Supplied records:
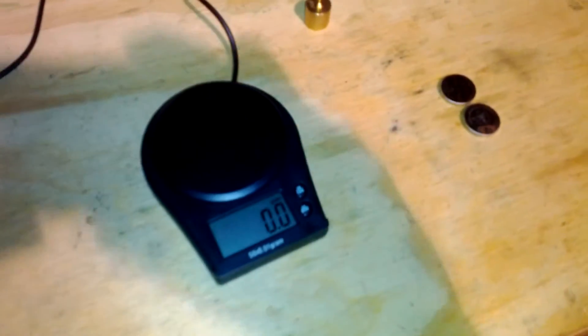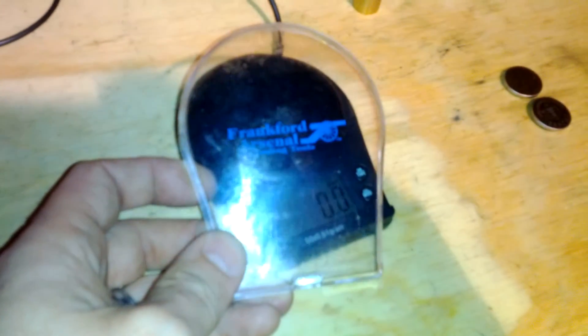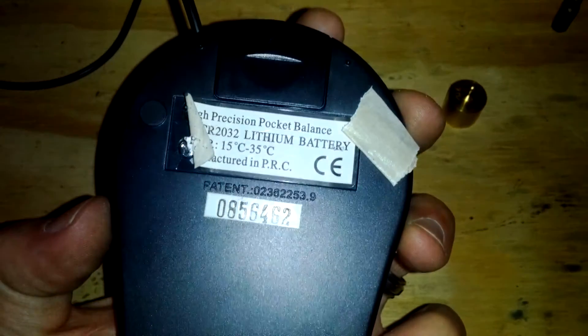Thanks for watching. This is a — let's see if you can see it here — Frankfort Arsenal. I'm going to turn the scale off. The model number of the scale is the CR...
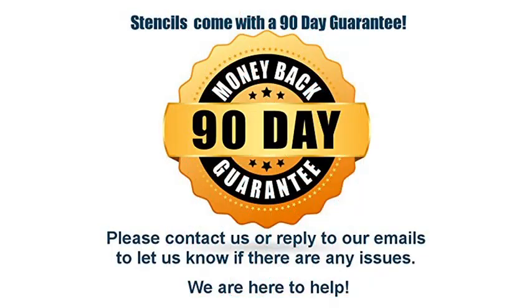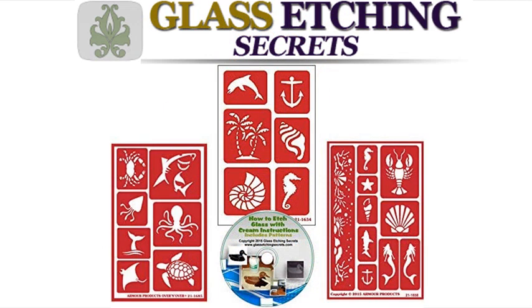You can use these several times over and over to save you money. Get all this, plus we are providing one free CD with the e-book on how to etch glass, along with other patterns to use for projects.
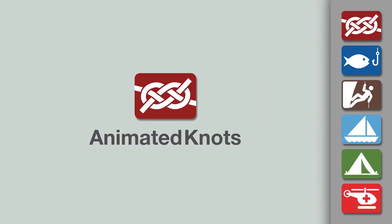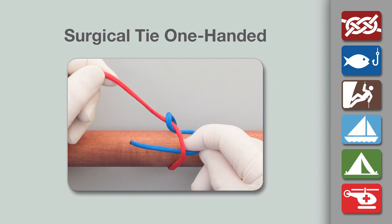Welcome to another knot tying demonstration from AnimatedKnots.com. This video teaches you a surgical tie using the one-handed technique.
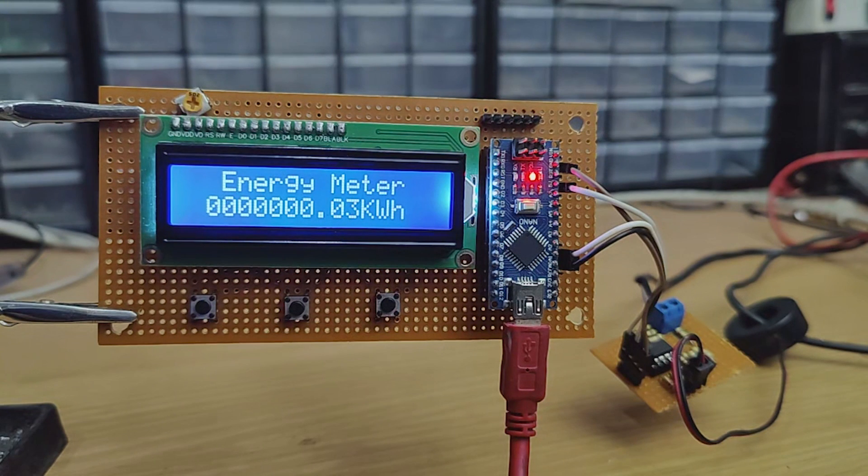Hi friends! In this video I'm gonna make an AC energy meter using Arduino and a few components. With this meter we can measure energy consumed by our devices. I hope this project would be useful for many people.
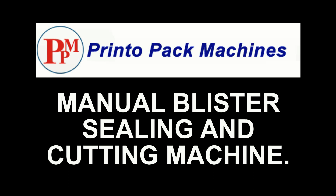Hi friends, welcome to our manual blister sealing and cutting machines demonstration video.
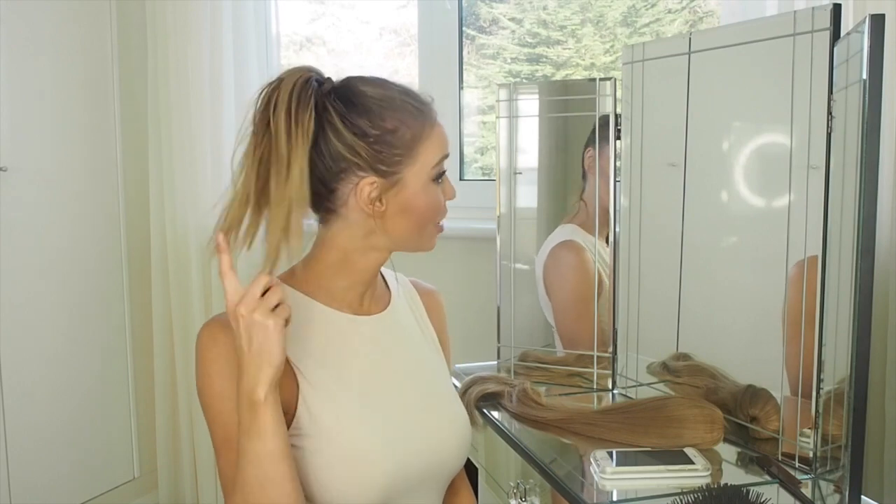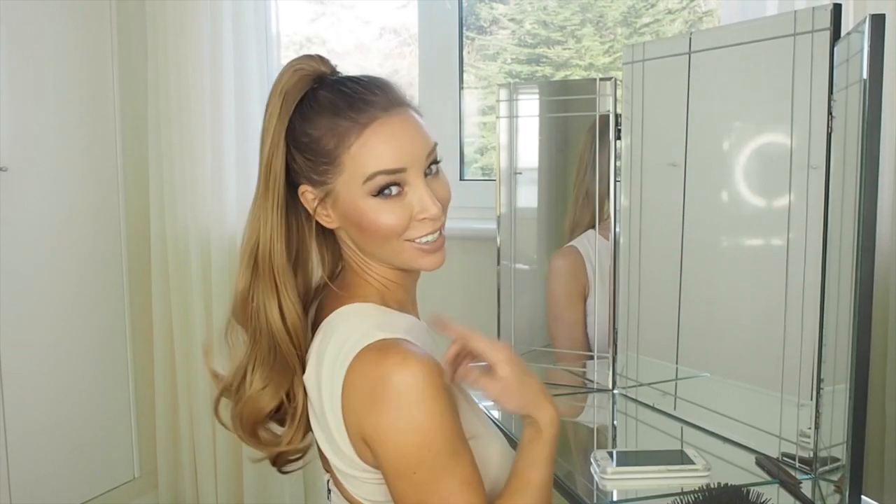I am about to show you quite possibly the quickest hair makeover you're ever going to see. Are you ready for this? We're going to go from this thin little ponytail to this.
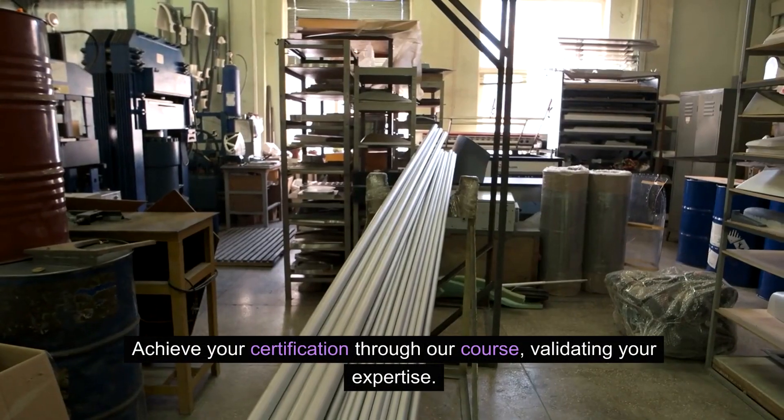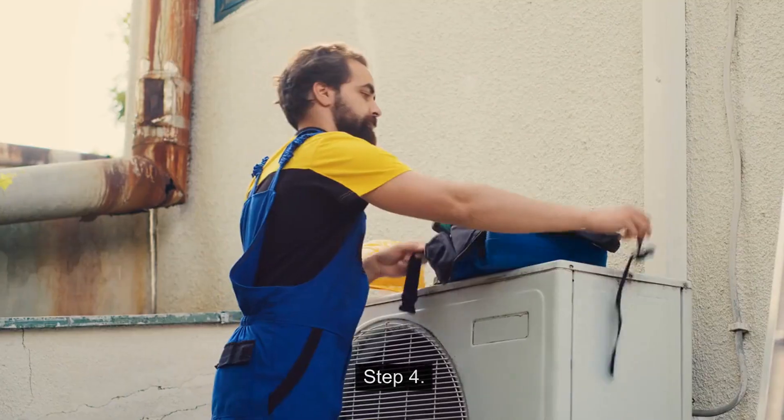Step 3: Achieve your certification through our course, validating your expertise.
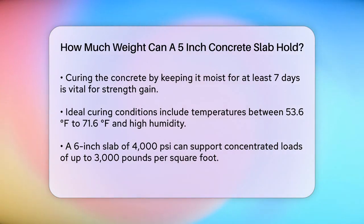Now let's talk about the load capacity. A 6-inch slab of 4,000 psi concrete can handle concentrated loads of up to 3,000 pounds spread over an area of one square foot. Since a 5-inch slab is thinner, it will have a slightly lower load capacity. We can estimate that it would be around 10 to 20% less than a 6-inch slab due to the reduced thickness.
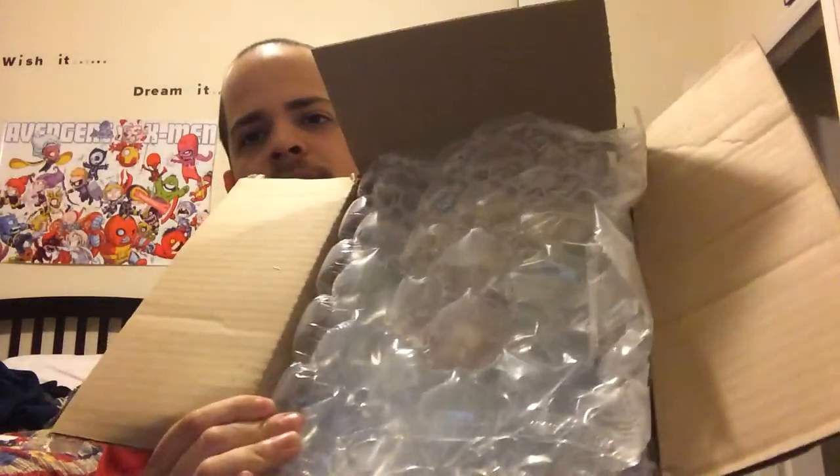Here's my trusty knife. It's got a cameo in a few videos. Okay, so right off the bat, it is padded. I'll show you that in a minute. What is that? Take that out so you can see that.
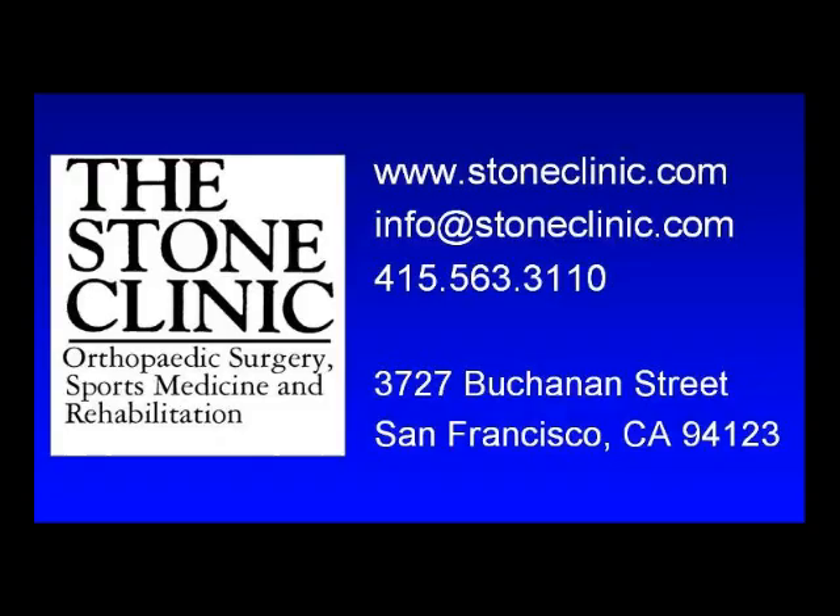Repair and replacement of meniscus cartilages, cruciate ligaments, and articular cartilage is practiced at the Stone Clinic in San Francisco. For more information about these procedures, please visit www.stoneclinic.com.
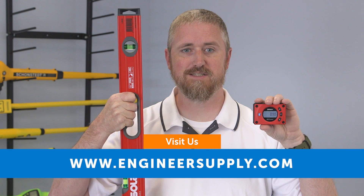You'll find the GoSmart device and other great Sola products at Engineersupply.com. Thank you for watching.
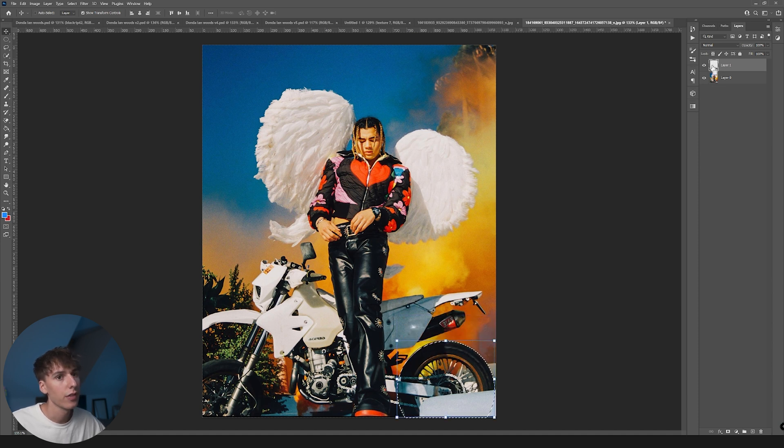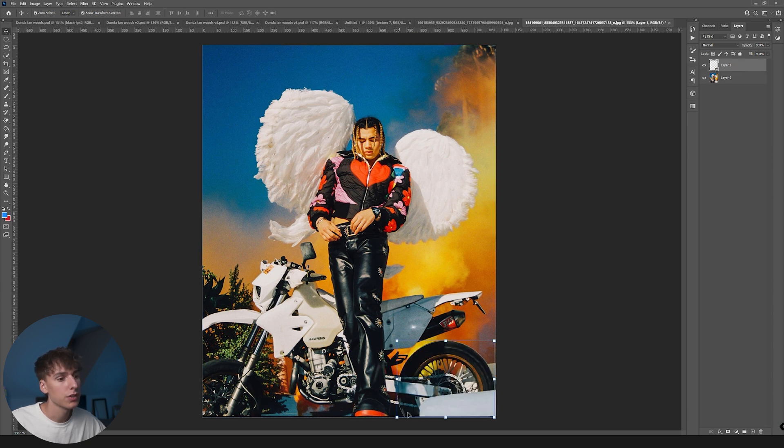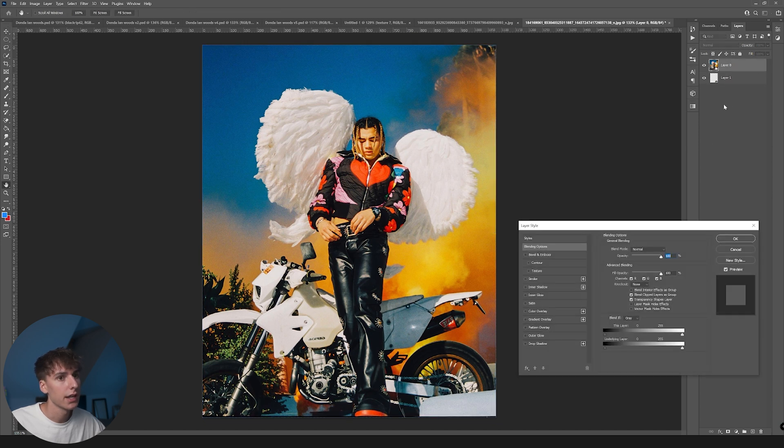If you Ctrl+Click on the thumbnail of the wheel layer, go to your image layer and click Delete — it will delete it from the background. So it looks like you almost punched a hole out of the image and then had it behind. I would recommend duplicating it, Ctrl+Clicking, then deleting it from the background. You can see the wheel layer is now below the overall image layer. Now if you drag it and add some kind of drop shadow, I always recommend doing that to make it look like it's actually there.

What to produce: From the data above, retype only the lines starting with the line with "I am about to" and going on through the line with "Step 3: Achieve", exactly, leaving out the pictures.

Response below:
I am about to show you quite possibly the quickest hair makeover you're ever going to see. Are you ready for this? We're going to go from this thin little ponytail to this.
Step 3: Achieve your certification through our course, validating your expertise.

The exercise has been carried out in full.